La dernière piste que nous proposons consiste à faciliter le financement avec notre propre argent. Il existe dans nos régions des milliers d'employés des secteurs public, parapublic, des entreprises d'État et des municipalités qui contribuent depuis des décennies à garnir des caisses de retraite milliardaires. Ces sommes, qui défient l'imagination, servent année après année à assurer le financement d'entreprises, donc le développement de l'emploi et, par conséquent, des services éducatifs partout dans le monde, notamment aux États-Unis, en Europe et en Asie du Sud-Est. Un pourcentage raisonnable de ces fonds pourrait donc être investi chez nous, dans des entreprises installées ici, dont les profits seront taxés par nos gouvernements, entreprises dont les employés vivront et éduqueront leurs enfants chez nous.

Rappelons-nous ce que nous disions dans les années 1940 et 1950 lorsque nous avions à identifier les personnes importantes d'une communauté locale. La conversation tournait toujours autour du curé, de l'institutrice et de l'infirmière. L'école a toujours été au centre de la vie de nos villes et de nos villages. En Abitibi-Témiscamingue, la mission des commissions scolaires, du cégep et de l'université ne peut se limiter à dispenser l'enseignement aux étudiants que la communauté est en mesure de lui fournir. Nos établissements accompagnent le développement de toute la région. Ils sont au coeur de la vie éducative, certes, mais également de la vie sociale, culturelle, économique et technoscientifique de nos communautés.

Compte tenu de la rareté ou de l'absence de ressources dans plusieurs domaines, nos commissions scolaires, notre cégep et notre université sont constamment sollicités pour participer activement aux grands projets de développement partout sur notre immense territoire. Cette mission d'accompagnement, nous souhaitons qu'elle soit reconnue à sa juste valeur et que nous puissions disposer des ressources nécessaires à son accomplissement. Jamais une famille ne s'installera dans une communauté où elle ne pourra instruire ses enfants. Les femmes et les hommes de l'Abitibi-Témiscamingue ne pourront jamais s'investir dans un projet dont l'aboutissement consisterait à atrophier leur développement. Elles et ils s'investiront totalement dans un projet de société où ils et elles seront des agents actifs de développement, soutenus par des établissements d'enseignement qui enracinent en eux le goût d'apprendre et qui soutiennent leurs aspirations.

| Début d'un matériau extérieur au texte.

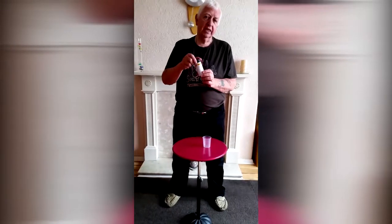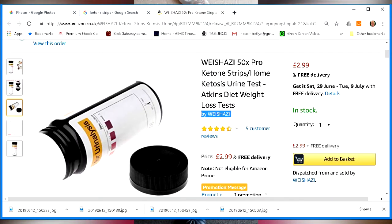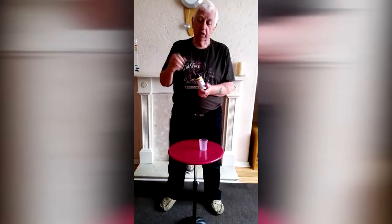Hi, it's Trevelling. I want to talk to you today about ketone strips. I bought these off the internet and they're cheap as chips. If you don't know what they are, they measure the ketones in your urine, and this is what they look like. Inside you have these small strips like this — they're plain but one side of them has got a little bit of something on it.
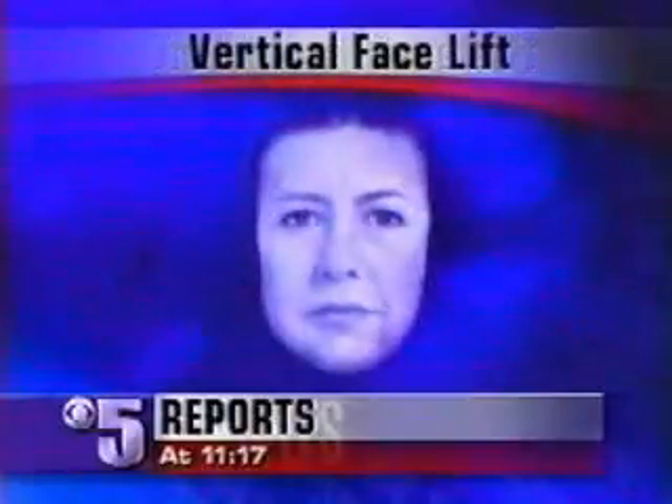It promises better results than the traditional facelift. Coming up next, it's a new surgical technique that is growing in popularity. Tonight on 5 Reports, a technique that is changing the way cosmetic surgeons perform facelifts. It's called a vertical lift, and as Barbara Rogers discovered, the results are more than skin deep.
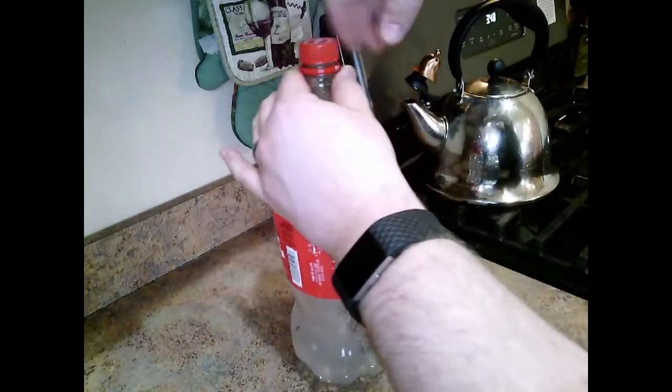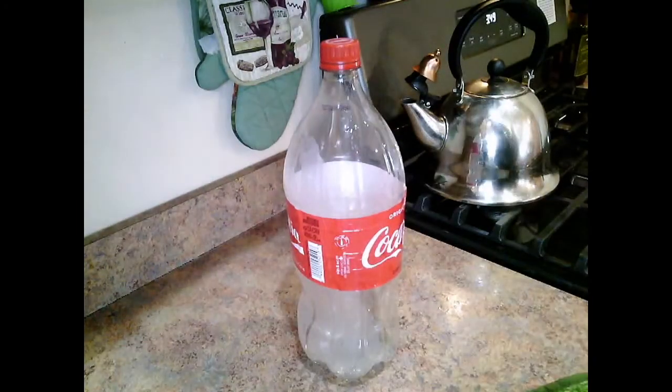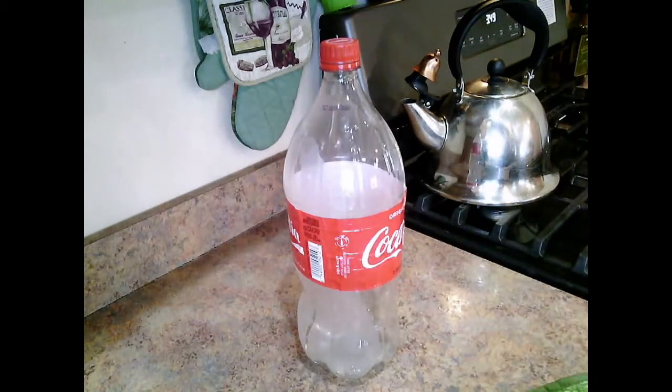I'm going to put the lid on and seal it here. Now the steam is no longer being heated, so we're going to watch what happens in the next minute or so.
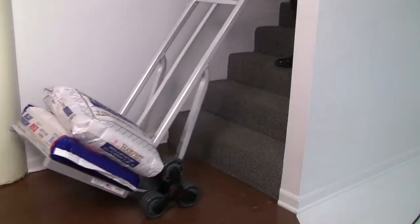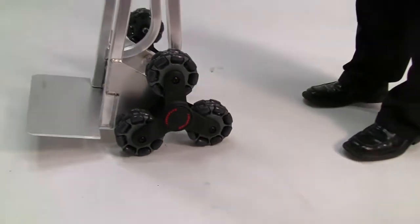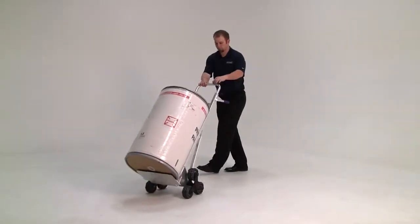The multi-directional casters allow for easy sideways movement. This space-saving hand truck stores upright when not in use, and is available in barrel-back and flat-back designs.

La Présidente (Mme Bélanger): Merci, M. Roy. M. le député de Saint-Jean.

M. Paquin: Merci, Mme la Présidente. La situation de l'emploi en Abitibi actuellement et au Témiscamingue, ça ressemble à quoi?

M. Roy (Fernand): La situation de... Tu peux y aller?

n(11 h 50)n

M. Gauthier (Roger): On a un taux de chômage ? Roger Gauthier ? un taux de chômage qui est un peu en deçà de 10 %, mais on a une fluctuation constante, là, compte tenu de l'effet des ressources naturelles. Donc, il y a des temps où l'emploi est en bonne croissance et des temps où l'emploi est très... les taux de chômage sont très élevés.

M. Paquin: Comment vous qualifieriez les tendances sur les dernières années? Ça s'améliore? Ça s'empire? Ça se maintient?

M. Gauthier (Roger): Toutes proportions gardées, on a de la difficulté à conserver en région des emplois, qu'on pourrait dire... des emplois de qualité ou des emplois scolarisés. Il y a des emplois qui, par la force des choses... Par exemple, dans les mines, il y a des emplois qui sont chez nous parce que ça ne peut pas faire autrement, mais, dans certains cas, les centres de décision et les emplois influents ont tendance à sortir des régions.

M. Paquin: Et, au niveau de la population, ça ressemble à quoi? Ça se maintient? Ça augmente? Ça diminue?

La Présidente (Mme Bélanger): M. Arsenault.

M. Arsenault (Jules): Il y a une décroissance de la population, en Abitibi-Témiscamingue, de 4 % dans les cinq dernières années. À peu près 5 000 personnes ont quitté l'Abitibi-Témiscamingue.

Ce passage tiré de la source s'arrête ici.